Task to complete. Every line from the one with "The Fall of" to the final line of the records should be printed exactly as it is, with pictures left out.

· · · · ·

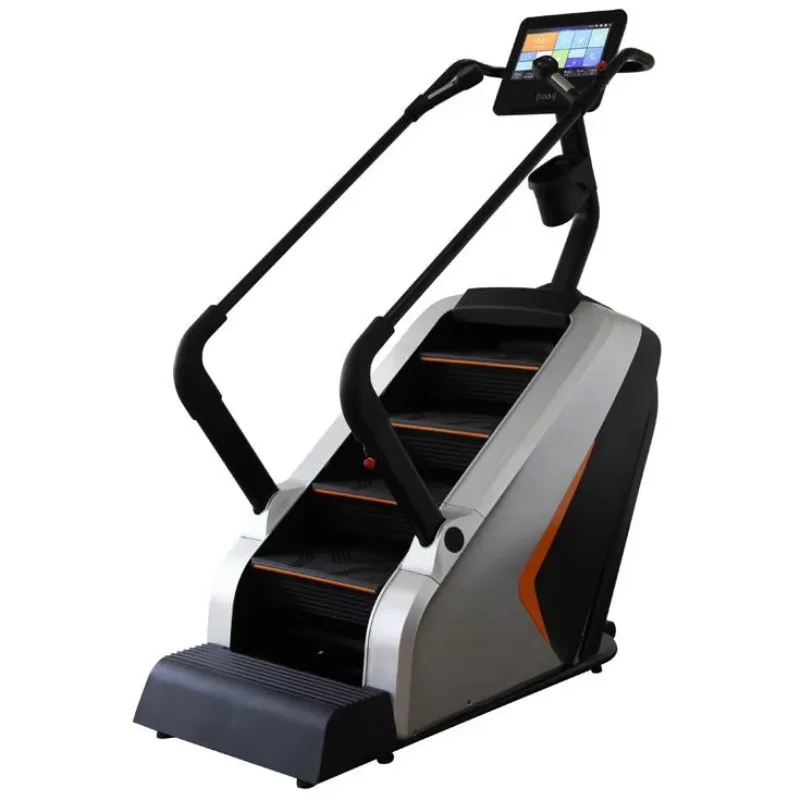 High Quality Commercial Fitness Equipment Silent Electrical Cardio Stepper Stair Climbing Machine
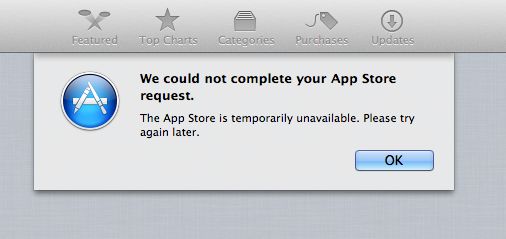“iTunes Store暫時不可用”的解決辦法 三聯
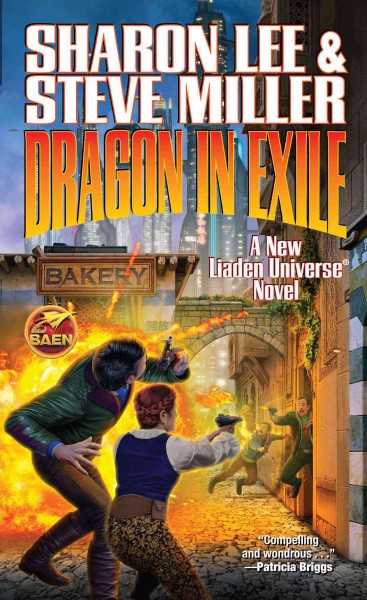Dragon in exile : a new Liaden universe novel / Sharon Lee & Steve Miller.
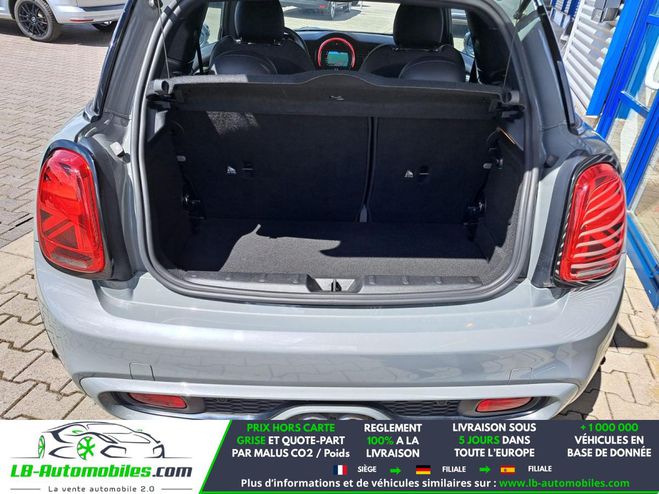 Mini Mini S 178 CH BVM Gris M�tallique de 2020
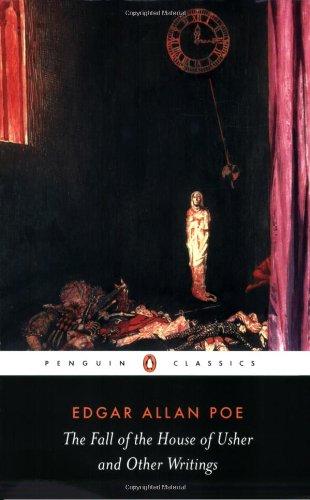 The Fall of the House of Usher and Other Writings (Penguin Classics)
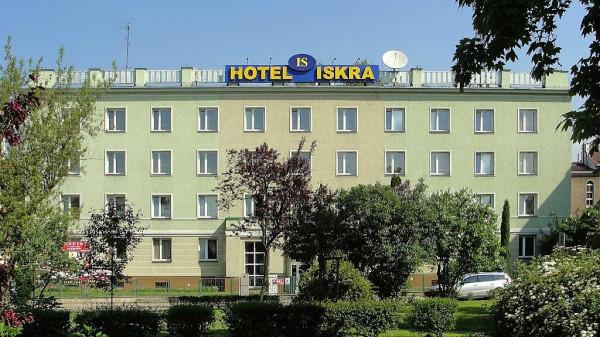 Hotel Iskra w Radomiu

· · · · ·

Expected answer.
 The Fall of the House of Usher and Other Writings (Penguin Classics)
 Hotel Iskra w Radomiu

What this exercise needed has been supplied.